Re: Hardware recommendations

From: Scott Marlowe <scott(dot)marlowe(at)gmail(dot)com>
To: Benjamin Krajmalnik <kraj(at)servoyant(dot)com>
Cc: John W Strange <john(dot)w(dot)strange(at)jpmchase(dot)com>, pgsql-performance(at)postgresql(dot)org
Subject: Re: Hardware recommendations
Date: 2010-12-09 02:28:38
Message-ID: AANLkTi=tvN=1YSR7u_qocL83SHVjT9iXmzJF-nQapQvg@mail.gmail.com
Views: Raw Message | Whole Thread | Download mbox | Resend email
Thread:
Lists: pgsql-performance

On Wed, Dec 8, 2010 at 5:03 PM, Benjamin Krajmalnik <kraj(at)servoyant(dot)com> wrote:
> John,
>
> The platform is a network monitoring system, so we have quite a lot of inserts/updates (every data point has at least one record insert as well as at least 3 record updates).  The management GUI has a lot of selects.  We are refactoring the database to some degree to aid in the performance, since the performance degradations are correlated to the number of users viewing the system GUI.
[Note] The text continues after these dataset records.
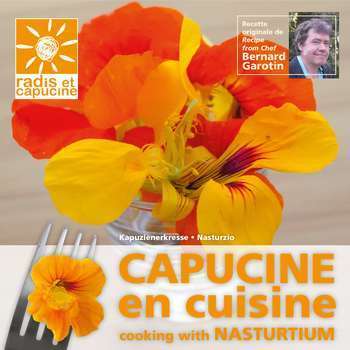 Graines Capucine, fleur comestible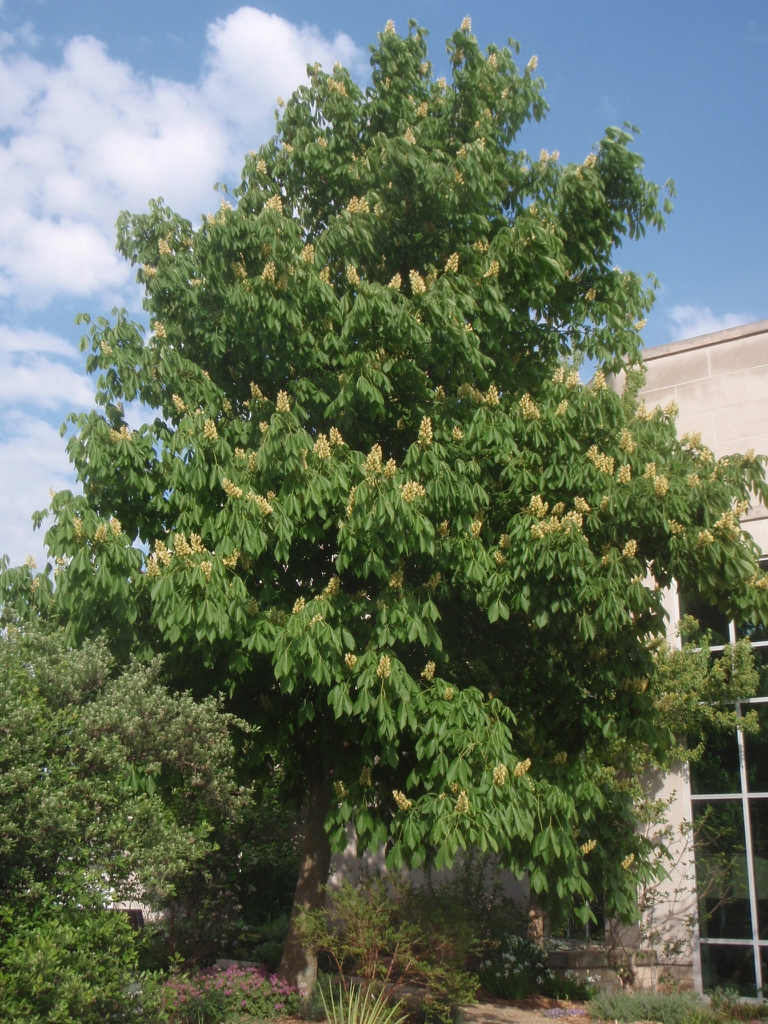 Aesculus octandra - full tree in bloom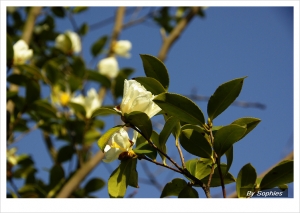 Sophies植物微距攝影集122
Scalability here may be better addressed by having something like hot
read only slaves for the users who want to view data.

> My biggest concern with SSD drives is their life expectancy,

Generally that's not a big issue, especially as the SSDs get larger.
Being able to survive a power loss without corruption is more of an
issue, so if you go SSD get ones with a supercapacitor that can write
out the data before power down.

> as well as our need for relatively high capacity.

Ahhh, capacity is where SSDs start to lose out quickly. Cheap 10k SAS
drives and less so 15k drives are way less per gigabyte than SSDs, and
you can only fit so many SSDs onto a single controller / in a single
cage before you're broke.

>  From a purely scalability perspective, this setup will need to support terabytes of data.  I suppose I could use table spaces to use the most accessed data in SSD drives and the rest on regular drives.
> As I stated, I am moving to RAID 10, and was just wondering if the logs should still be moved off to different spindles, or will leaving them on the RAID10 be fine and not affect performance.

With a battery backed caching RAID controller, it's more important
that you have the pg_xlog files on a different partition than on a
differen RAID set. I.e. you can have one big RAID set, and set aside
the first 100G or so for pg_xlog. This has to do with fsync
behaviour. In linux this is a known issue, I'm not sure how much so
it would be in BSD. But you should test for fsync contention.

As for the Areca controllers, I haven't tested them with the latest
drivers or firmware, but we would routinely get 180 to 460 days of
uptime between lockups on our 1680s we installed 2.5 or so years ago.
Of the two brand new LSI 8888 controllers we installed this summer,
we've had one fail already. However, the database didn't get
corrupted so not too bad. My preference still leans towards the
Areca, but no RAID controller is perfect and infallible.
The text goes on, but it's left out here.